[Data provided]
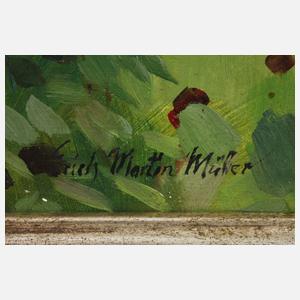 Erich Martin Müller, Am Chiemsee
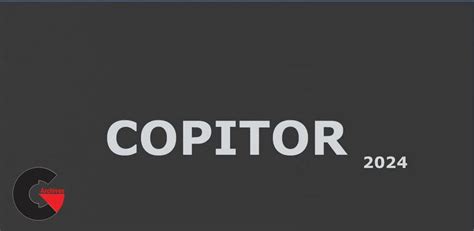 Afbeeldingsresultaten voor Copitor for 3DS Max 2021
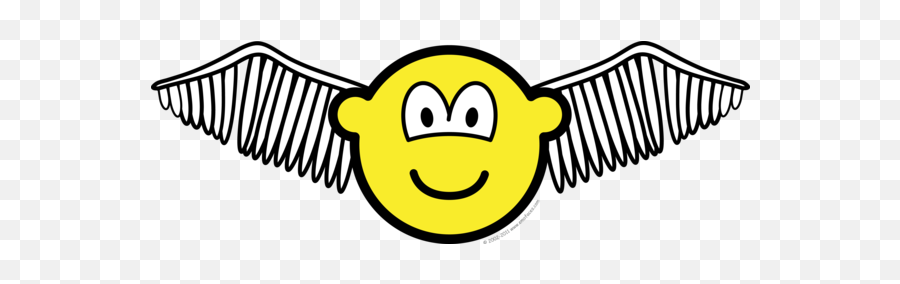 Buddy Icons - Happy Emoji,Angel Face Emoticon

[Action item] Write out the material above exactly, and omit the pictures it holds.

[Solution for this exercise]
 Erich Martin Müller, Am Chiemsee
 Afbeeldingsresultaten voor Copitor for 3DS Max 2021
 Buddy Icons - Happy Emoji,Angel Face Emoticon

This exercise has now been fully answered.